2.          Sale and Purchase of Securities.

 

(a)         Purchase and Sale.  The Units shall be sold in a series of Seven (7) closings (each, a “Closing”). The Closings shall occur on May 1, 2012, June 1, 2012, July 1, 2012, August 1, 2012, October 1, 2012 and November 1, 2012, provided that each Closing may be extended for an additional Twenty (20) days in the sole discretion of the Company. Subject to the terms and conditions hereof, the Company agrees to sell, and Purchaser irrevocably subscribes for and agrees to purchase at each Closing, the number of Units set forth on the signature page of this Agreement at a purchase price of $0.80 per Unit.

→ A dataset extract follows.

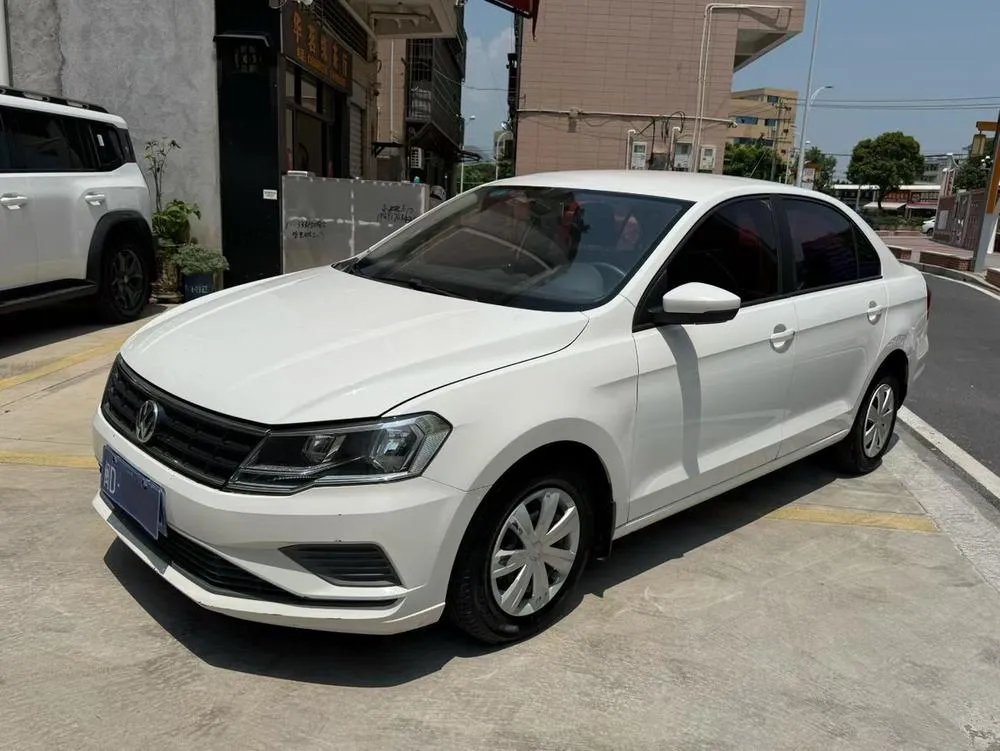 Volkswagen Jetta, 2017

The aggregate purchase price for the Units at each Closing shall be as set forth on the signature page hereto (the “Aggregate Purchase Price”) and shall be payable by check or wire transfer of immediately available funds as set forth below.

 

(b)             Subscription Procedure.  In order to purchase Units, Purchaser shall deliver to the Company at 15 West Highland Avenue, Philadelphia, Pennsylvania  19118, Attention: Chief Executive Officer: (i) one completed and duly executed copy of this Agreement; and (ii) immediately available funds, or a certified check or bank check, in an amount equal to each respective closing’s subscription amount as specified on the signature page hereto.  Execution and delivery of this Agreement shall constitute an irrevocable subscription for that number of Units set forth on the signature page hereto.  Payment for the Units may be made by wire transfer to:  

 

	  	
XXX

	  	
XXX

	  	
XXX

	  	
XXX-XXX-XXXX

 

	  	
SWIF Code:

	
XXX

	  	
Routing/ABA Number:         

	
XXX

	  	
Beneficiary

	
Virtual Piggy, Inc.

	  	
Account Number:

	
XXX

or by check made payable to:  “Virtual Piggy, Inc.”  Receipt by the Company of funds wired, or deposit and collection by the Company of the check tendered herewith, will not constitute acceptance of this Agreement by the Company.  The Units subscribed for will not be deemed to be issued to, or owned by, Purchaser until the Company has executed this Agreement.  All funds tendered by Purchaser will be held by the Company pending acceptance or rejection of this Agreement by the Company and the closing of Purchaser’s purchase of Units.  This Agreement will either be accepted by the Company, in whole or in part, in its sole discretion, or rejected by the Company as promptly as practicable.  If this Agreement is accepted only in part, Purchaser agrees to purchase such smaller number of Units as the Company determines to sell to Purchaser.  If this Agreement is rejected for any reason, including the termination of the Offering by the Company, this Agreement and all funds tendered herewith will be promptly returned to Purchaser, without interest or deduction of any kind, and this Agreement will be void and of no further force or effect.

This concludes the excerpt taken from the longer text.